I actually put up my Christmas tree this weekend. Since I am baring my soul (or sole since I am barefoot while writing this) as a Christmas freak, I feel I should tell you that my birthday is Christmas Eve (did you get that, December 24th). You can email me for my address for those of you wishing to send cards…or gifts…or hate mail (I’m an equal opportunity blogger). I think this date predisposes me to an unnatural enjoyment of the holiday season. I also feel this is the appropriate time to tell everyone in blogsville that I have a Christmas t-shirt collection. Yep, you heard right. I have Rudolphs, Christmas Stories, Charlie Browns, Elf Tossing and a few others, including one for ‘hard, sticky candy canes’ (or something like that) that often makes me think I am wearing a huge double entendre on my chest.
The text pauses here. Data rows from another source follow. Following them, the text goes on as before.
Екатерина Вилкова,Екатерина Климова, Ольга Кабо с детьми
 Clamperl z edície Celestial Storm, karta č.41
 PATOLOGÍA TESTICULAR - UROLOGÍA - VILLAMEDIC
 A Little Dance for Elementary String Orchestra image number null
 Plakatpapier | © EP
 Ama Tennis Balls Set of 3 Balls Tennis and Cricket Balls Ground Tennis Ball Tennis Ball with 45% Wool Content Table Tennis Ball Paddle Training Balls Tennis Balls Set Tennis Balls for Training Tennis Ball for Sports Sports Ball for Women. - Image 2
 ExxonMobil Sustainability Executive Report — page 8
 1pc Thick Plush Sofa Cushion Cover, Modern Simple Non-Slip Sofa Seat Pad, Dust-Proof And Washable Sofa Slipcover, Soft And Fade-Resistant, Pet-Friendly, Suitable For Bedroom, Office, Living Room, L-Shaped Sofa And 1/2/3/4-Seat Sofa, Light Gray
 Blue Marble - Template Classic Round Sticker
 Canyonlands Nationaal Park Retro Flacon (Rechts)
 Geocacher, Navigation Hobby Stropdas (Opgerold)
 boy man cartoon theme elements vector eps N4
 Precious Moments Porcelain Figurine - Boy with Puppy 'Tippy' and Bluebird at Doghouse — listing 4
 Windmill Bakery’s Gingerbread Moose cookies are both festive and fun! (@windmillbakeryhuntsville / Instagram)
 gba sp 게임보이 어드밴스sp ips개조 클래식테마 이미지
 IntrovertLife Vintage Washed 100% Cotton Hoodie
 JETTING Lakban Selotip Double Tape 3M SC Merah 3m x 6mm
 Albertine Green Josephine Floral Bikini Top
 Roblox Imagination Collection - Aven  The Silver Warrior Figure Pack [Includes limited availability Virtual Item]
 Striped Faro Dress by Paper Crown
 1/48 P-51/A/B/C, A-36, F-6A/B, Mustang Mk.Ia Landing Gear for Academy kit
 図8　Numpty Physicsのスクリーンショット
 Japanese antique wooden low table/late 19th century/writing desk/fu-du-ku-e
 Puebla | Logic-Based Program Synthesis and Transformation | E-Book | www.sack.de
So yeah, I think I have gotten off the point here with this post a bit, but I am one of those people that is more than willing to celebrate Christmas early. I am one of THOSE people. However, I know I do not suffer alone and I know there are others. I have always assumed I was not the only one afflicted but found out for sure when cruising THE street for Christmas light looking in our town. Every house goes way overboard so that you can hear power lines sparking and crackling for miles in every direction. I am waiting for Google Earth to post a satellite photo of it. I felt like stopping by to congratulate them but didn’t want to reveal myself as the true idiot I am looking at Christmas lights 4 days before Thanksgiving.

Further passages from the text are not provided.